India is only slowly phasing in more foreign participation in banking and private firms are allowed only up to 26 percent ownership in its insurance sector.
"It needs to allow foreign firms greater participation in insurance and banking and really across the board," the US Treasury chief said.
Earlier in the day, Snow met representatives of US firms doing business in India and he was having dinner with a group of Indian chief executives.
Snow's trip to India extends a series of visits to countries the US Treasury sees as having a vital role in shaping the global economy in the future. He visited Brazil in the summer and was in China last month.
He said that faster economic growth would help India deal with its problems of massive poverty and, at the same time, add stability by strengthening its capital markets.
"That's a large message, it's not really different from the message we were taking to China, that well-functioning financial markets are in a country's best interests," Snow said.

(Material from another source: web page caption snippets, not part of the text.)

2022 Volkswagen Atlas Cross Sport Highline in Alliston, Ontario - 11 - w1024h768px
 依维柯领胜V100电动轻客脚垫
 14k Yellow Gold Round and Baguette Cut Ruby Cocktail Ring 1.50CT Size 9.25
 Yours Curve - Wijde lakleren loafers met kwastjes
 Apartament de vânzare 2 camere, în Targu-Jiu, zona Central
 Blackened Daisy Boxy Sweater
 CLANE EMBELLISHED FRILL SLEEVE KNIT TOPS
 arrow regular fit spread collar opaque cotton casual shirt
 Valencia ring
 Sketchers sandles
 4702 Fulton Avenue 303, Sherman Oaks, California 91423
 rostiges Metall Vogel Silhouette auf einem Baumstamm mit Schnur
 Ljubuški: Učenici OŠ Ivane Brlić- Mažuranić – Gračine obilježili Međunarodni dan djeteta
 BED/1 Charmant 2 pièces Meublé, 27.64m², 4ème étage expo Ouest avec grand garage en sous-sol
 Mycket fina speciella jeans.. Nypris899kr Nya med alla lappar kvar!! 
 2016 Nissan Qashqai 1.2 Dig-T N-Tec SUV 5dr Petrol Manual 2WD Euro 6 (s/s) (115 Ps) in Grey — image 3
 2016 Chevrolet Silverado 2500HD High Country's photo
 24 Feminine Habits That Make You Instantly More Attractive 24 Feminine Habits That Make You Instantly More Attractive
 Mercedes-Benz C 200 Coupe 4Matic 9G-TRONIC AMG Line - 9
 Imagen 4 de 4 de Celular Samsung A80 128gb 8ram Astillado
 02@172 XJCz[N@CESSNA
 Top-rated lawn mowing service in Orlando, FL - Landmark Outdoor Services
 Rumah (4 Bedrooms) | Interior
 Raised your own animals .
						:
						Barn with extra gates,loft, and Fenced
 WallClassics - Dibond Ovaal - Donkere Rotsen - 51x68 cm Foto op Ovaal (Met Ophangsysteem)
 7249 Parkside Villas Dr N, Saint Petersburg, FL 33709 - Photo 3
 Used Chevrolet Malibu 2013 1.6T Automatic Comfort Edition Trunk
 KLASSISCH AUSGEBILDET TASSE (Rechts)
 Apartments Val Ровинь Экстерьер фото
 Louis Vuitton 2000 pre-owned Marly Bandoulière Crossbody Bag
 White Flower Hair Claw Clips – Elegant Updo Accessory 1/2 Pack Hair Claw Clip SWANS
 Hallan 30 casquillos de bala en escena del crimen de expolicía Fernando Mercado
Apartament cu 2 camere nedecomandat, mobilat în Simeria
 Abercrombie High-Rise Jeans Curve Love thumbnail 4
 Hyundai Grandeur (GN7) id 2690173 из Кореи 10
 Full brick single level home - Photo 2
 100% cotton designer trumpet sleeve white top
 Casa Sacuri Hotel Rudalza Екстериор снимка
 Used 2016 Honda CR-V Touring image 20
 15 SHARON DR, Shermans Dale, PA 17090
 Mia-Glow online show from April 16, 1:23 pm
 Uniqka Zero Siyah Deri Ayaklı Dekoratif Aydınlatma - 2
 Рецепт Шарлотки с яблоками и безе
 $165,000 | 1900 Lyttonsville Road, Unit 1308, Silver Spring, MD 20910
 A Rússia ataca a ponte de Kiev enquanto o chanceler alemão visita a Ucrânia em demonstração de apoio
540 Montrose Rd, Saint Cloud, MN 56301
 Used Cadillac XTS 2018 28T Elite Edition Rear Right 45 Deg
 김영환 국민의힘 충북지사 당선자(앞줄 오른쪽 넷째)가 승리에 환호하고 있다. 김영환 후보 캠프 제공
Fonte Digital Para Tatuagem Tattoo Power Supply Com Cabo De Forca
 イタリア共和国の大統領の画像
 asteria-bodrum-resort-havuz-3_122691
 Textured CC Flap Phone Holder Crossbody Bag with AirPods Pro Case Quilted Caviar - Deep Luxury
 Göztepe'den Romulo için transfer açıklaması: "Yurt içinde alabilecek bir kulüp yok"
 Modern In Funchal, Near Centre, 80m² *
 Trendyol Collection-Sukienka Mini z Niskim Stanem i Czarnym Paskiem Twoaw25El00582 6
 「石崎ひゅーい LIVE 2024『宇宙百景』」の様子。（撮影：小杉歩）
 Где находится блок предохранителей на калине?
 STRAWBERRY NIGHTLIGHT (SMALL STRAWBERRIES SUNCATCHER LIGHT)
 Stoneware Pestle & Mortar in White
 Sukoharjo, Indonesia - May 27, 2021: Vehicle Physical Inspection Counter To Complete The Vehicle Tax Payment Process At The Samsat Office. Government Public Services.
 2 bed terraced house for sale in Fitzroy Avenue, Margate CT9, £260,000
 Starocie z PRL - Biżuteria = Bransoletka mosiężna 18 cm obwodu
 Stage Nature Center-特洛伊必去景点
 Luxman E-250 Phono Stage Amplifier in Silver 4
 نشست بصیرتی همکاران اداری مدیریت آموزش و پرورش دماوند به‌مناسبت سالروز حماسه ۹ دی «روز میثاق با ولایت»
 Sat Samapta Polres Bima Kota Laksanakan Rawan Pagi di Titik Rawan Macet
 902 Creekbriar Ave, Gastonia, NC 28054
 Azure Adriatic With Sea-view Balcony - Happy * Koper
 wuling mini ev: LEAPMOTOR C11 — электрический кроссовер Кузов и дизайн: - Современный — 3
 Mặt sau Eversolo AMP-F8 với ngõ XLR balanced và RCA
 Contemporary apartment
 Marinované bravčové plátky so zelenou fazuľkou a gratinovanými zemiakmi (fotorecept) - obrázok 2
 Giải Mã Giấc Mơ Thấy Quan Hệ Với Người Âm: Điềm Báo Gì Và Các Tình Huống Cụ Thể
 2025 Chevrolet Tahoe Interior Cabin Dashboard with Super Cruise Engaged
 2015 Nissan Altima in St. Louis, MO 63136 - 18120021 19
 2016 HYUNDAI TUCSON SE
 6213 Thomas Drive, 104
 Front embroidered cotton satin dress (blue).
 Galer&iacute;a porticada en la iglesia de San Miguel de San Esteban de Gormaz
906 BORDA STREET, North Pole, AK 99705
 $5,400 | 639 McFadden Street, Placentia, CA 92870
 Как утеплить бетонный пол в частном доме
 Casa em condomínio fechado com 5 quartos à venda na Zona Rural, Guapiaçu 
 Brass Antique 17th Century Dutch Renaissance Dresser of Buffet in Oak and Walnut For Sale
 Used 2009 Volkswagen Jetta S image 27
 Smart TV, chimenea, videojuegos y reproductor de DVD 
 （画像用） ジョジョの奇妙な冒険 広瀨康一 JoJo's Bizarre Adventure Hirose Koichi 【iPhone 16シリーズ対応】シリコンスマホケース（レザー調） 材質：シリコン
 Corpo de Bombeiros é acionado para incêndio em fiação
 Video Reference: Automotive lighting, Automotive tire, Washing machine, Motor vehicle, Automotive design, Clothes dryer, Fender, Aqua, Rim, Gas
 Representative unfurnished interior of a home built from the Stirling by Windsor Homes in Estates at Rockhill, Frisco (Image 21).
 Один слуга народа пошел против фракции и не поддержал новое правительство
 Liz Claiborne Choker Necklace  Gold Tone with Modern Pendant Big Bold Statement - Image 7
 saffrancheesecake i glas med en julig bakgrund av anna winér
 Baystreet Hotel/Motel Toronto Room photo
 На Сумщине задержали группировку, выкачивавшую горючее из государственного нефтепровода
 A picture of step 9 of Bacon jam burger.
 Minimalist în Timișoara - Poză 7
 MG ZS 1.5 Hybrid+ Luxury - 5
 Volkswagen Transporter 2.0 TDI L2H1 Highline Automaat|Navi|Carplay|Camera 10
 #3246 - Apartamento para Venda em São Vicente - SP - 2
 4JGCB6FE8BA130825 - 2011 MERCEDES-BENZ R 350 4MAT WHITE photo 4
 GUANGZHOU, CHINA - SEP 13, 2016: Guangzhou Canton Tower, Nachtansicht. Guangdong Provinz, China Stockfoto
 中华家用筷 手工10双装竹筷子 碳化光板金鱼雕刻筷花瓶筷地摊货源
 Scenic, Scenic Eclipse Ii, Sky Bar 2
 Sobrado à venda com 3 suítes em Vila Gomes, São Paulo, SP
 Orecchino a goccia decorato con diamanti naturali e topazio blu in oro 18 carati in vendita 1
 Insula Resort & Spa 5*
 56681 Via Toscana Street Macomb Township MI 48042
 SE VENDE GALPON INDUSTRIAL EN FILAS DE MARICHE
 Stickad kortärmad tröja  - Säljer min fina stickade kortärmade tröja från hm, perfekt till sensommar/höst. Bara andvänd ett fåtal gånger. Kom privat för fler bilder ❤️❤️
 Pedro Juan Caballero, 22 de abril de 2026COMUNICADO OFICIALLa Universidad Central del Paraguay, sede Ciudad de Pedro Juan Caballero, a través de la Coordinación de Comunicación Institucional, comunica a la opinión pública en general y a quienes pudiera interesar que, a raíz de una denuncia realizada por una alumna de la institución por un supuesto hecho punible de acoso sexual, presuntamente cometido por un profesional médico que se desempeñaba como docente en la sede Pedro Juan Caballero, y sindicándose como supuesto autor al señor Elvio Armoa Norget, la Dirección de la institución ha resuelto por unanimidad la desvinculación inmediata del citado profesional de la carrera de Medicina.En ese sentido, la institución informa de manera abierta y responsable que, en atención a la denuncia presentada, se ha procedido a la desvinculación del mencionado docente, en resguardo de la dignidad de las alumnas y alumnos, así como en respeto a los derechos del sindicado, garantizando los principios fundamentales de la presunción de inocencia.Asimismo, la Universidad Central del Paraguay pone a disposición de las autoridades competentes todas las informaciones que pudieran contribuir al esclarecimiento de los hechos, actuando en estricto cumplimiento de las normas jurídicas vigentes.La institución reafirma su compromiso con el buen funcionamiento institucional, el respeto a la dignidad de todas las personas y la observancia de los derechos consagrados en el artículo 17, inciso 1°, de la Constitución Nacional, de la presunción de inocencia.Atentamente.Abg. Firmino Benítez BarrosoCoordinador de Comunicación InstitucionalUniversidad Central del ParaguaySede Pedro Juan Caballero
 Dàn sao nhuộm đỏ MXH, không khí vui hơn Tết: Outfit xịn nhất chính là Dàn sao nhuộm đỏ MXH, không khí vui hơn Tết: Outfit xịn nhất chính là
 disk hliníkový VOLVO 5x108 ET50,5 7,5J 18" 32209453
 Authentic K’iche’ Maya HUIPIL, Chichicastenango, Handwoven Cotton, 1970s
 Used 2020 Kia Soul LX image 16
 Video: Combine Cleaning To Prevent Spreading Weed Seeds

"To have well-functioning financial markets, you need deep and liquid markets with expertise and talent and you hurt yourself if you cap yourself off from resources and talent that's available around the world."
The Bush administration sees India, with its thriving service sector drawing US jobs away through outsourcing to an educated, cheaper labour force, as a regional leader with considerable influence in advancing the drive toward free trade.
"India is a stop along the way toward visiting all those countries - including China and Brazil which we visited earlier - that we regard as having the potential to become the major economies of the 21st century," Treasury Under Secretary for International Affairs Tim Adams said ahead of the visit.
Snow said India's commitment to building up its infrastructure - roads, railways, ports, airports and electricity-producing capacity - will be "a big part of where the country goes in the next three or four years" because it will help determine its ability to keep the economy expanding.
"These are all areas where America has expertise and there ought to be major opportunities for the US going forward as well as opportunities in the financial sector since America has a number of the world's first-tier financial firms." Snow said.
India's $700-billion economy has been growing at a rate of more than 6 percent on average over the past five years.
But the government estimates that about 260 million people - more than a quarter of the population - lives in poverty, without safe drinking water, proper sanitation facilities or two square meals a day.
Last week the Indian government approved setting up a state-run firm to fund such projects, something short of the private-enterprise solutions the Bush administration would favour.
When Snow moves on to New Delhi on Wednesday, he is to meet Finance Minister Palaniappan Chidambaram and Prime Minister Manmohan Singh.